Inspired by the real-life case of the Niland brothers, it tells the story of a PR mission during World War II to bring back the only surviving member of the Ryan family, whose brothers have been killed in service. This is just a premise, however, which Spielberg uses to present a glimpse of the real-life horrors of the D-Day landings at Omaha beach. A battle-weary captain (Tom Hanks) is ostensibly the focus, but Spielberg goes all-out to portray the misery, fear and confusion, racking the film to get a jittery newsreel effect, plunging his camera into the muddy water as sniper bullets leave their bloody trails.

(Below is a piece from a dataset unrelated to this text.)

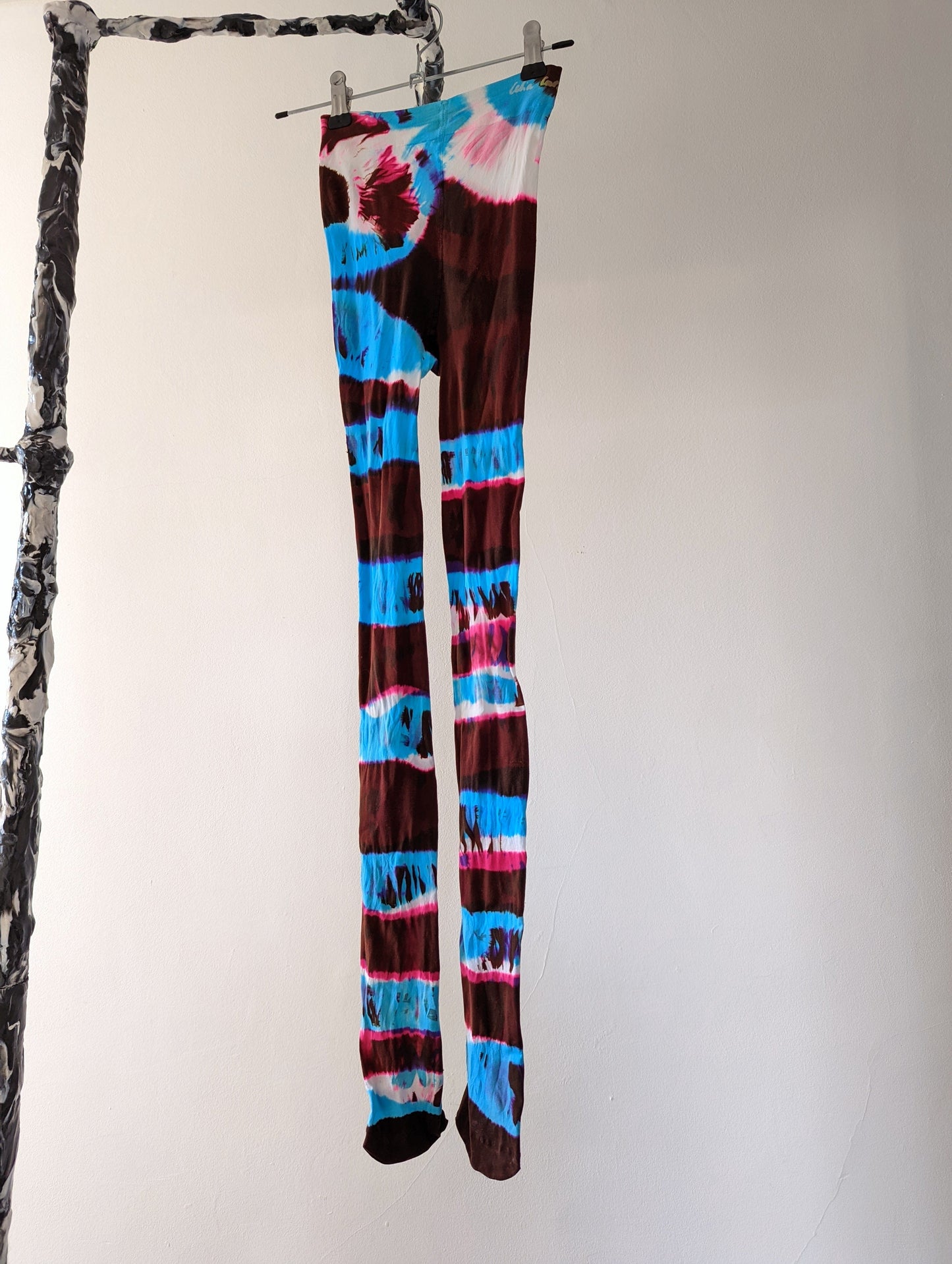 Hand Dyed Tights Blue Multicolour-Celia Calderón Asensio-APOC STORE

We haven’t met any of the characters yet and Spielberg uses this to maximum effect: no one is safe, everyone is shockingly vulnerable, and we have little idea who is going to survive this apparently unbeatable onslaught.
Stunningly filmed by Schindler’s List cinematographer Janusz Kaminski, this horrendous scene was stripped of some 60 per cent of its colour, making a sober bookend with the closing scene of the American flag hanging shameful and ragged in the wind.